Si se confirma que el Gobierno llevará al Congreso de los Diputados un proyecto de reforma de los artículos del Código Penal de 1995 relativos al delito de sedición –no sabemos cuáles; el Capítulo I del Título XXII, Delitos contra el orden público, comprende del 544 al 549—, repetiremos parte de la polémica, que no debate sereno, suscitada con motivo de los indultos.

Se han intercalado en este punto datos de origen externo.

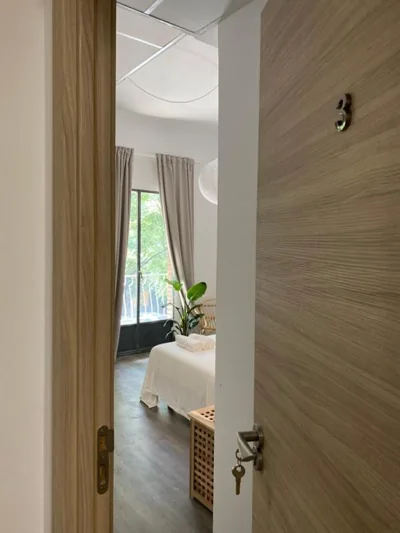 Shanti Rooms — foto 7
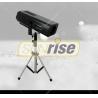 Buy cheap Professional Follow Spot Beam Light , 250w Wedding Stage Lighting With Support from wholesalers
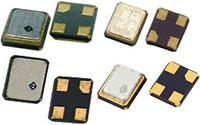 Taitien's LoRa and LoRaWAN® Application-Focused Crystals Image of Taitien's LoRA Application-Focused Crystals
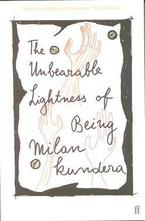 The Unbearable Lightness of Being
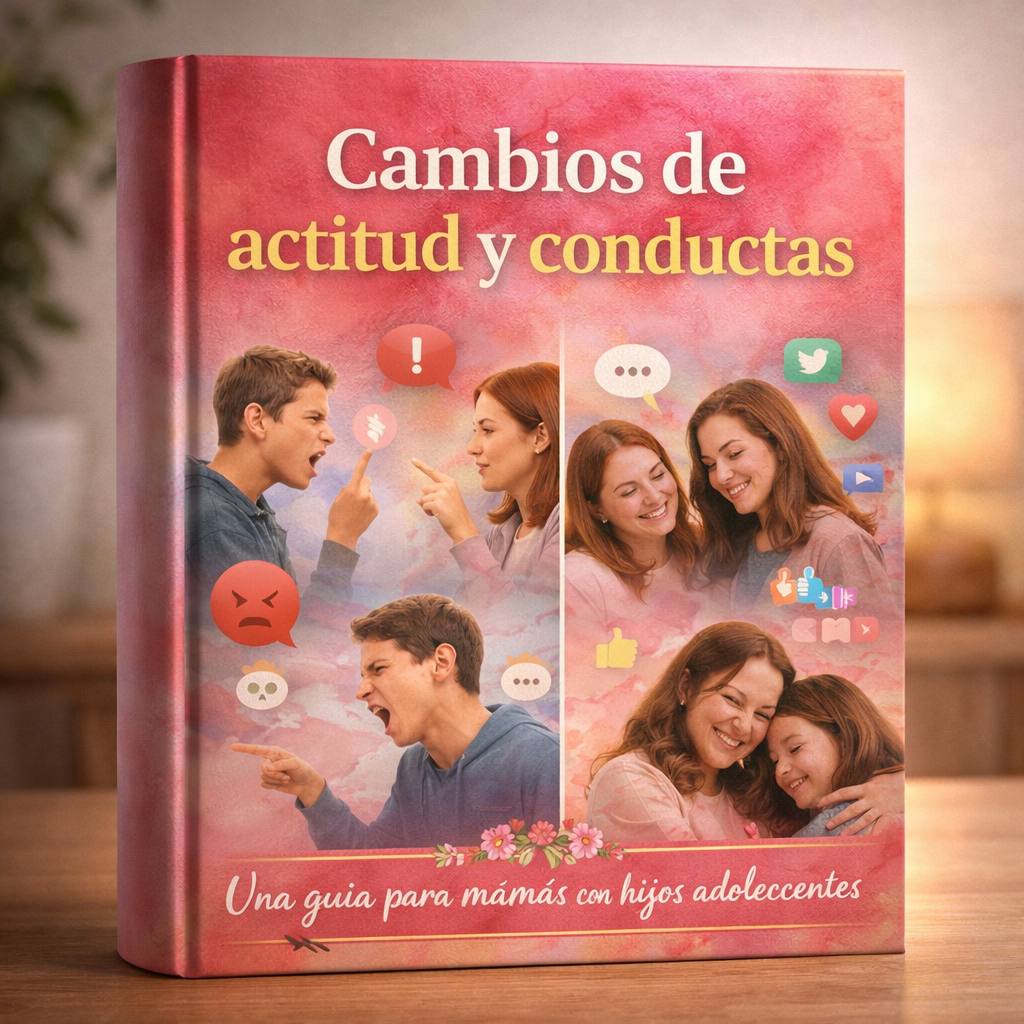 Conductas Antisociales en la Adolescencia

Se conjeturará (mucho) sobre si la medida, que, al parecer, consistiría en reducir el tipo penal a la mitad del actual, puede tener la utilidad social de mejorar la situación política en Cataluña, como sí ocurrió con los indultos. Hoy el apoyo social a la independencia está en retroceso por diversas razones, una, sin duda, gracias a los indultos. Apenas se ven lazos amarillos en el espacio público, cuando la actitud de muchos de los dirigentes e ideólogos independentistas sigue siendo incendiaria.

Los indultos y la reforma del delito de sedición son entidades distintas. Los indultos parciales beneficiaron a nueve de los condenados por el Tribunal Supremo en 2019 y al ser el indulto una medida individualizada se agota en sí misma y la responsabilidad en la adopción fue exclusiva del Gobierno.

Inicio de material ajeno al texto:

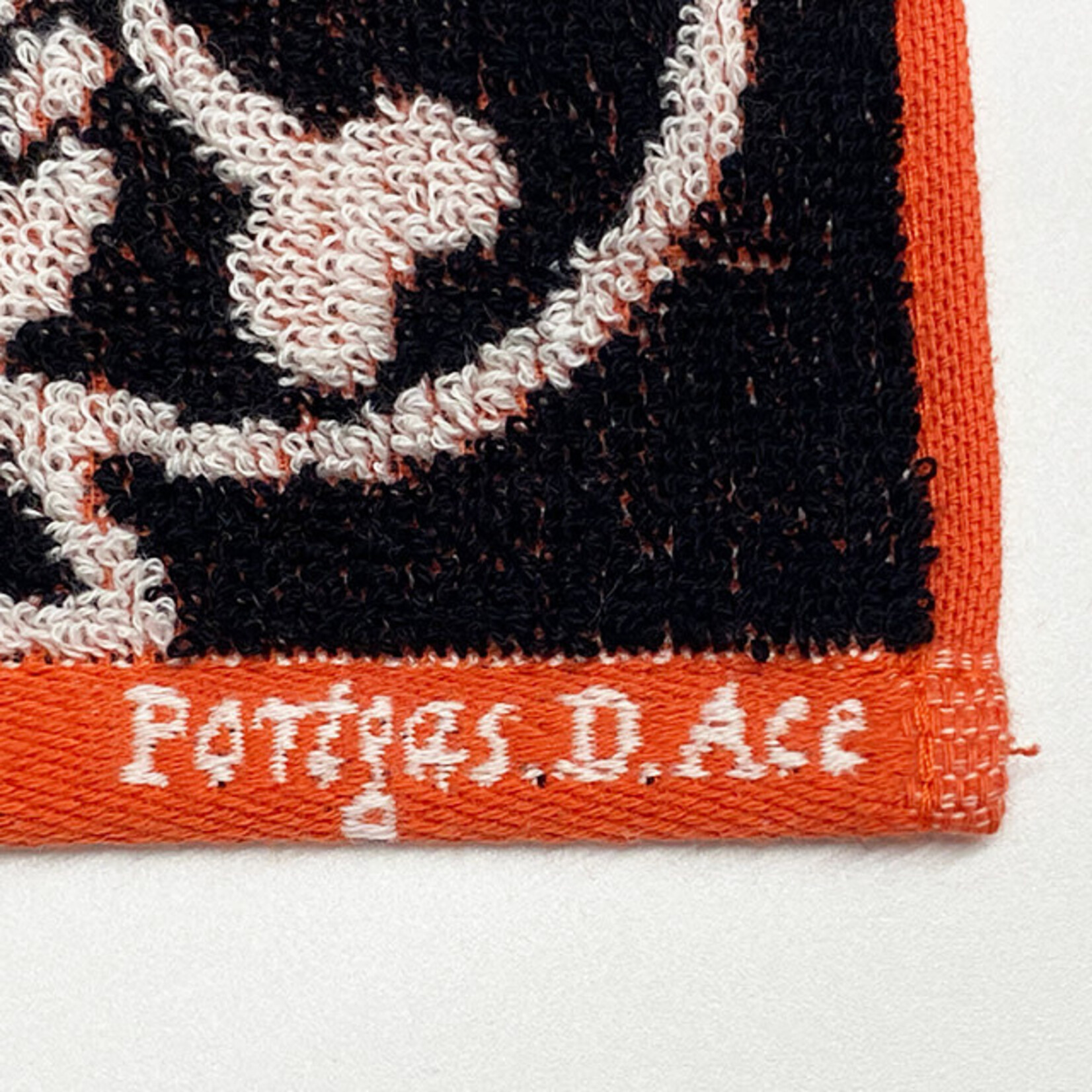 Marushin "Mame Towel" One Piece "Mini Ace" - 6765008200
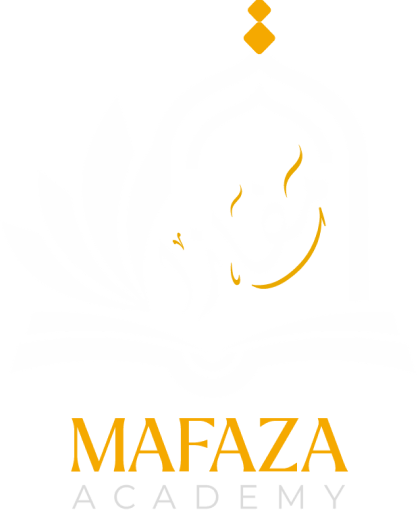 logo with slogan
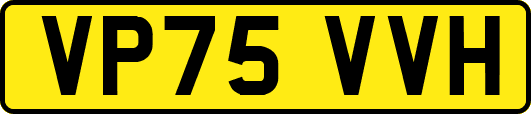 VP75VVH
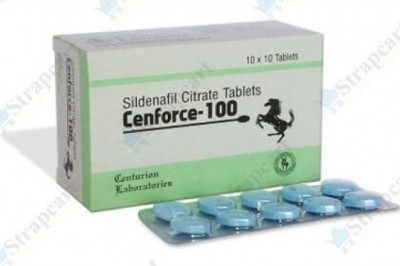 Cenforce 100 For ED Treatment | Buy Cenforce 100mg Pills Online At USA-UK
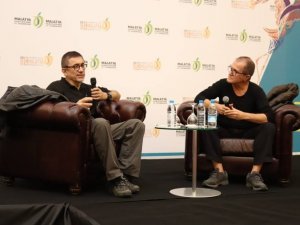 Nuri Bilge Ceylan: En Önemli Kararları Askerde Verdim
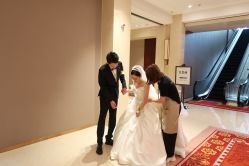 -欣薇婚纱(新源乐汇城店)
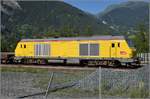 BB 75018

Bourg-Saint-Maurice, Juli 2017.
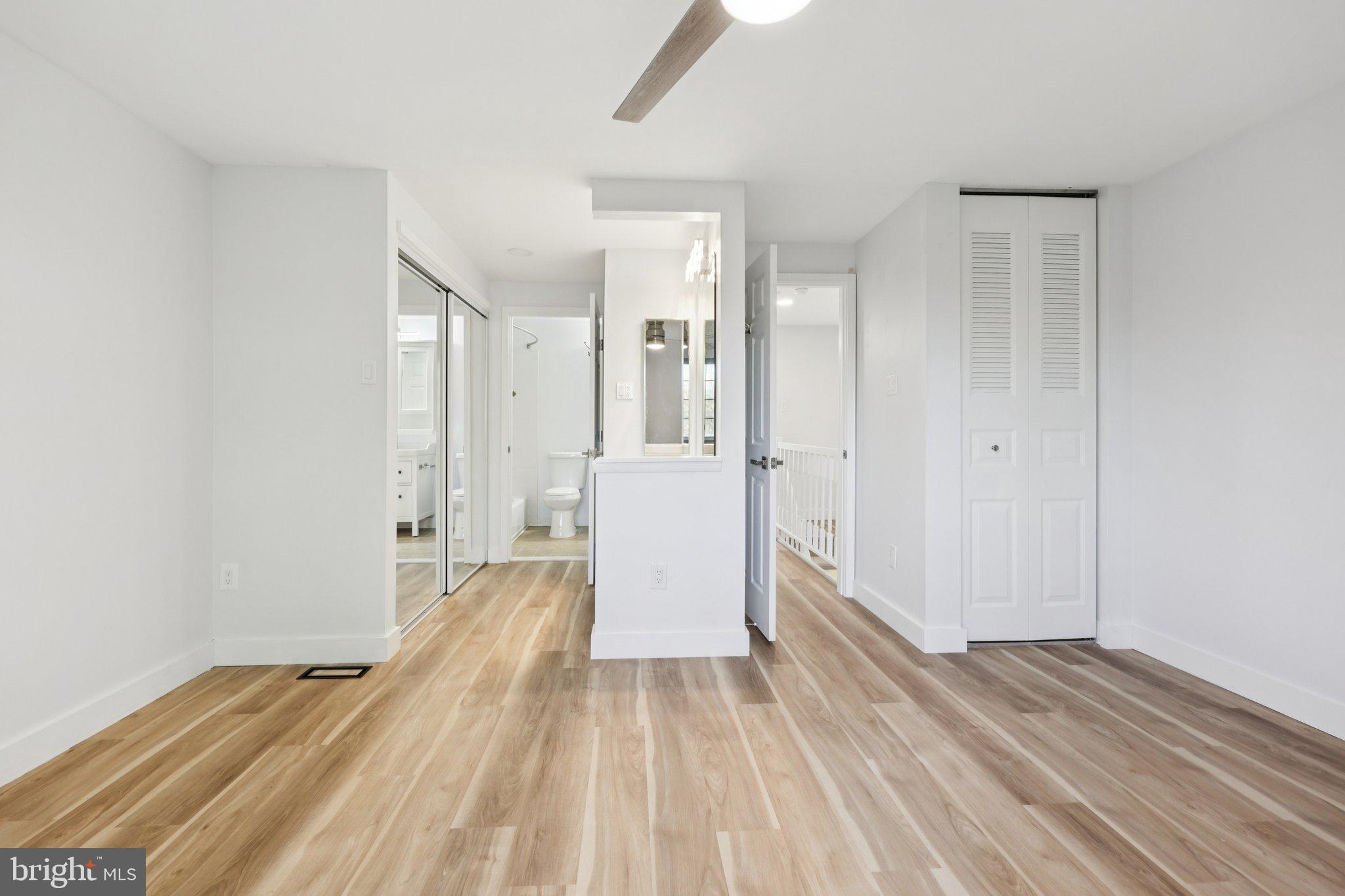 1666 Harvest Green Court Reston, VA 20194 - Photo 25 of 46 Primary Bedroom has 2 Closets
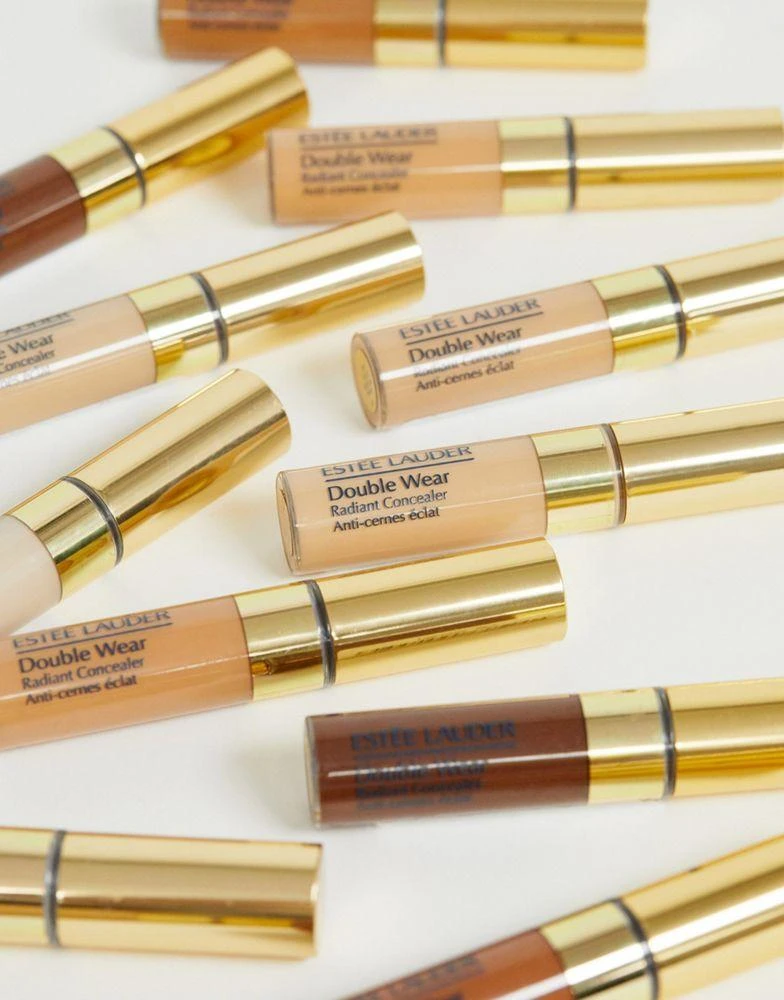 商品Estée Lauder|Estee Lauder double wear stay in place radiant concealer,价格¥283,第4张图片详细描述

Tocar el delito de sedición, reduciendo el tipo penal, es generalizar una medida, proyectarla hacia presuntos autores de actos futuros tipificables como delito e implicar al poder legislativo al tener la reforma que ser aprobada por mayoría absoluta de los diputados, requiriendo la modificación o derogación de la reforma el mismo procedimiento.  

En el inicio de la polémica por la reforma se confunden y entremezclan dos niveles, el jurídico y el político, que debieran mantenerse separados.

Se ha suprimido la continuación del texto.